◆ **WORK TASK**: Nothing but the lines below from the one containing "磐安景点花溪的门票是多少?(花溪风景区门票多少钱) 磐安" through the one containing "Nice Trump 2024" should appear in the answer, exact and without pictures.

◆ **MATERIAL PROVIDED**:
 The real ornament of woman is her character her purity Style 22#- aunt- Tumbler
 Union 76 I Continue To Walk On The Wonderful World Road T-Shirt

* * *

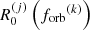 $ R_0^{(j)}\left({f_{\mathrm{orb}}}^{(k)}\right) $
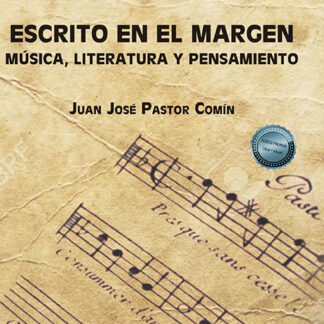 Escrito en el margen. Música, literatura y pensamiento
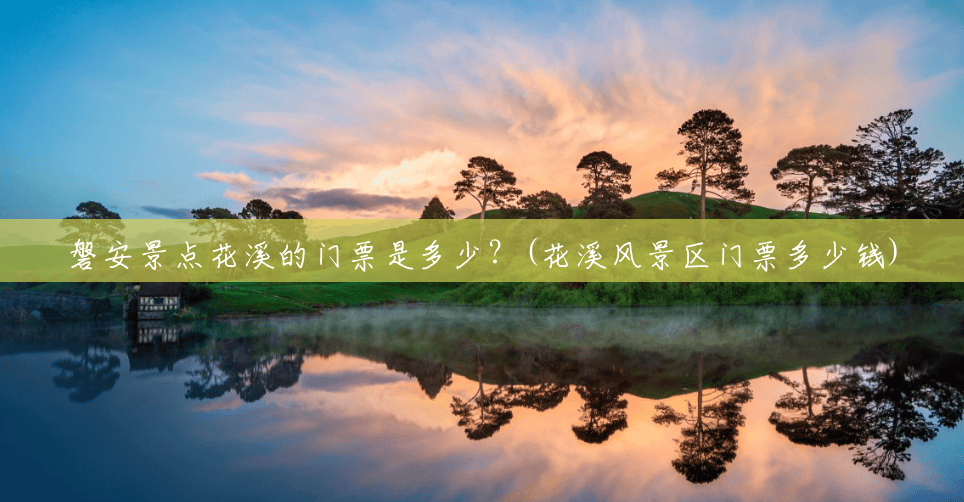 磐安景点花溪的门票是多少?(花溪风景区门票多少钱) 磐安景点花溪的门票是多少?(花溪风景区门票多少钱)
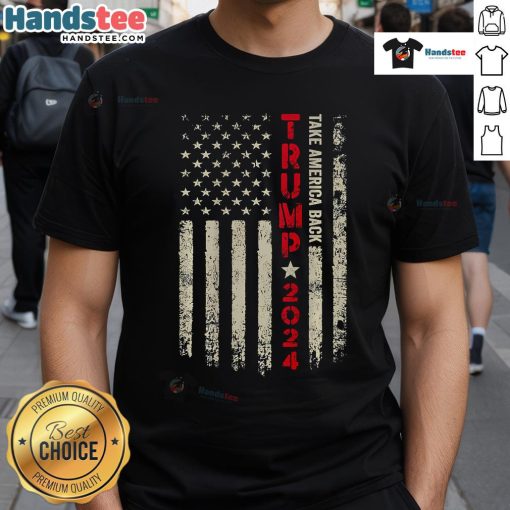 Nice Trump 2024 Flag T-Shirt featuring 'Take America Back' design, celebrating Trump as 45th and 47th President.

◆ **OUTPUT FOR THIS EXERCISE**:
 磐安景点花溪的门票是多少?(花溪风景区门票多少钱) 磐安景点花溪的门票是多少?(花溪风景区门票多少钱)
 Nice Trump 2024 Flag T-Shirt featuring 'Take America Back' design, celebrating Trump as 45th and 47th President.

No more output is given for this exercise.